Number two. Clause vivification is a method to make the original clauses of the problem shorter. It’s a relatively simple algorithm that enqueues the literals in the clauses one-by-one and checks if their propagation leads to a conflict. If so, then the clause can be shortened. With the cache, we can do something similar, though less powerful in terms of reasoning power, but far more effective in terms of speed. The trick is to simply try every single literal in the clause: if a literal propagates the inverse of another literal in the clause, we can remove it. For example, if the clause is “a b -c”, and in the cache for “b” there is “f,g,h,j,-c”, then we know that conceptually there exists a clause “-b -c”, which means we can now remove “b” from the original clause, using the the self-subsuming resolution rule. This form of vivification is, although technically less strong than normal vivification, is typically 50-100x faster than normal vivification and is almost as powerful. This kind of speed advantage means it can essentially be carried out without (time) penalty.

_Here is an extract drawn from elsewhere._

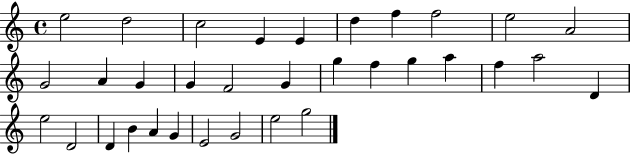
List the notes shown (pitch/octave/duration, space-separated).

E5/h D5/h C5/h E4/q E4/q D5/q F5/q F5/h E5/h A4/h G4/h A4/q G4/q G4/q F4/h G4/q G5/q F5/q G5/q A5/q F5/q A5/h D4/q E5/h D4/h D4/q B4/q A4/q G4/q E4/h G4/h E5/h G5/h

Number three. When generating conflict clauses, MiniSat-type conflict minimisation has now become commonplace. This uses the clauses involved in the conflict to carry out self-subsuming resolution on the conflict clause generated. Just as with clause vivification, we can use our cache to carry out self-subsuming resolution with the (conceptually binary) clauses stored in the cache. This is not much different from clause vivification, but it allows us to do simplification in the middle of a restart, instead of patiently waiting for the restart to end. Furthermore, it can uncover that certain learnt clauses can become binary, thus alleviating the problem of cleaning “useless” learnt clauses that could have become binary through, e.g. clause vivification.

I am aware that all the above three could be carried out without a cache — in fact, CryptoMiniSat could do (and most of the time did) all of the above without it. The advantage of having the cache is speed: things that used to take immense amounts of time can now be done really fast. However, what interests me the most in this cache, is the new uses that will come of it. I was originally only aware of number (3), then when I realised (1), I dived deep and realised that (2) can be done. I think more uses will eventually emerge.